Friday, November 14, 2008


In our old higgledy-piggledy house in Barrackpore, there was a chileykotha (attic), built atop the bathroom on the first-floor landing. Unlike today’s lofts, which are prosaic tiny spaces atop bathrooms/kitchens where every manner of rubbish is hidden behind closed doors, our chileykotha was a full-fledged room (in length and breadth, if not in height) of wonderful secrets accessible only to us children (because adults had to crane their heads very uncomfortably to stand in that low-ceilinged chamber).

And there were no doors barring our entry, either. We had to climb on to the huge black bookcase-bureau in the drawing room and lift ourselves behind rose-patterned curtains to enter the attic (the unplanned rooms of our house would horrify any architect).

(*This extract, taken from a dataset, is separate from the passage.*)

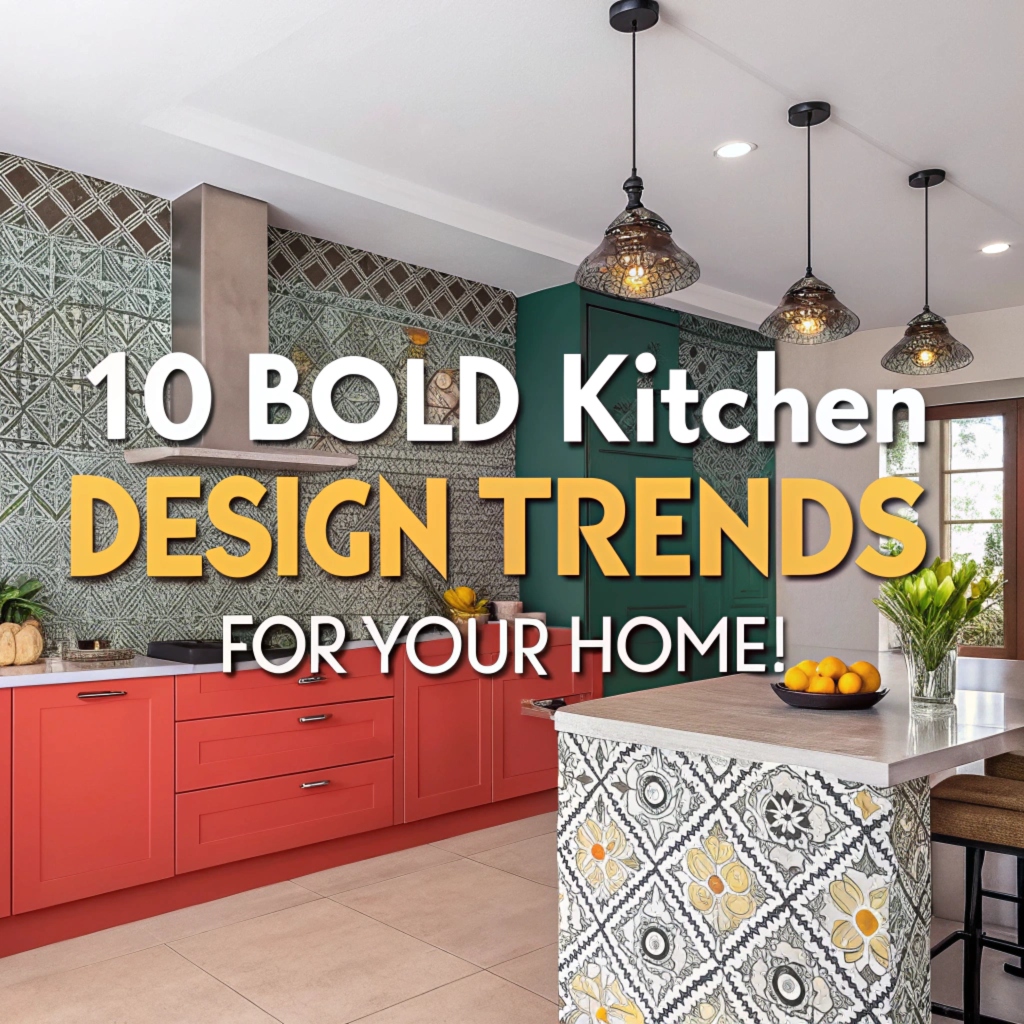 10 Bold Kitchen Design Trends Redefining the Heart of Your Home’s Style This Year 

And what an attic it was! Full of stuff that spelt history, wove magic to us as we poked and pried, discovering treasures abandoned by matter-of-fact adults.

There was an old sofa with its cover torn and springs broken, a perfect place for a secret meeting (of us cousins pretending to be detectives, referencing Enid Blyton – that stirrer of fantasies) or a solitary cry-my-heart-out (emerging with tell-tale eyes as red as the roses on the attic-curtain).

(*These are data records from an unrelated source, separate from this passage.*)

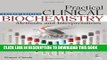 Read Now Practical Clinical Biochemistry: Methods and Interpretations Download Online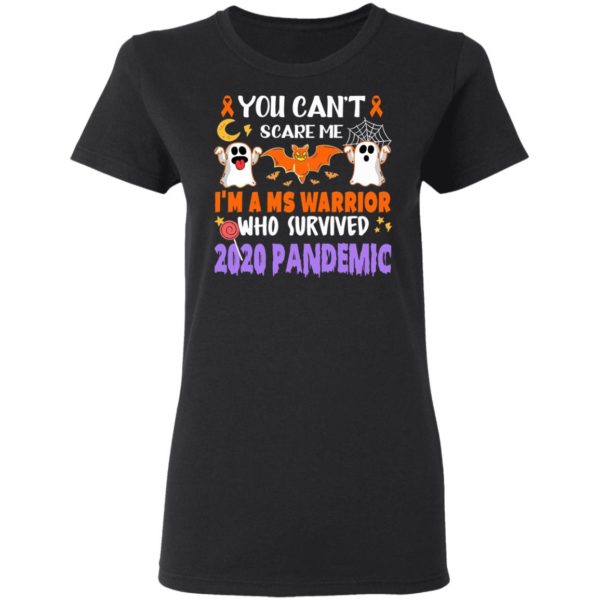 You Can’t Scare Me I’m A Ms Warrior Who Survived 2020 Pandemic T-Shirt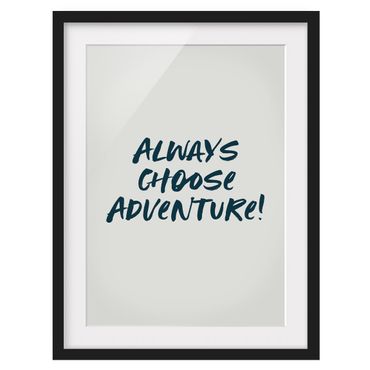 Poster con cornice - Always choose Adventure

There was a stack of framed pictures with broken glasses, each a testimonial to the artistic talents of my father, uncles, grand-uncles and other cousins, each relegated to the attic as better (and newer) pictures were painted and framed and hung up on more-viewed walls.

There were many many rusted iron trunks, full of dusty delights. Moth-eaten velvet bags holding mystery-histories, tattered silk clothes to dress up our fancies, bent-and-chipped utensils for our make-believe kitchen…

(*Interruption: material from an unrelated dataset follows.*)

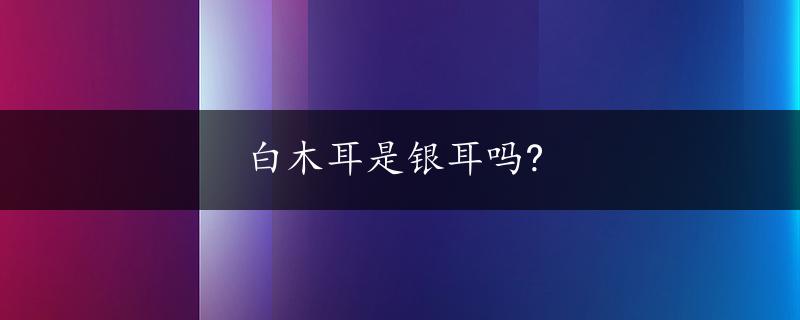 白木耳是银耳吗?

…and, most excitingly, there was a whole trunk-full of handwritten family-magazines. These magazines had been written in the late nineteenth and early twentieth century by members of my father’s huge joint-family in Naogaon in what-was-then East Bengal (now Bangladesh); each poem, essay, witticism neatly calligraphed (is that the right verb?) between bound covers. There were contributions by my uncles, granduncles and other hoary ancestors who I never knew except by our common surname. This treasure-trove of family history and familiar literature had travelled all the way to Barrackpore, surviving the toss-and-turn-and-trauma of the Partition and had found its way into our chileykotha. Not all the editions were there, of course, some must have travelled with other members of the family when they parted ways after the Partition of Bengal.

I spent hours and hours poring over the fading ink on the sepia pages, not caring about the uneven literary merit of the writings, thrilled only to be able to literally touch my family’s past.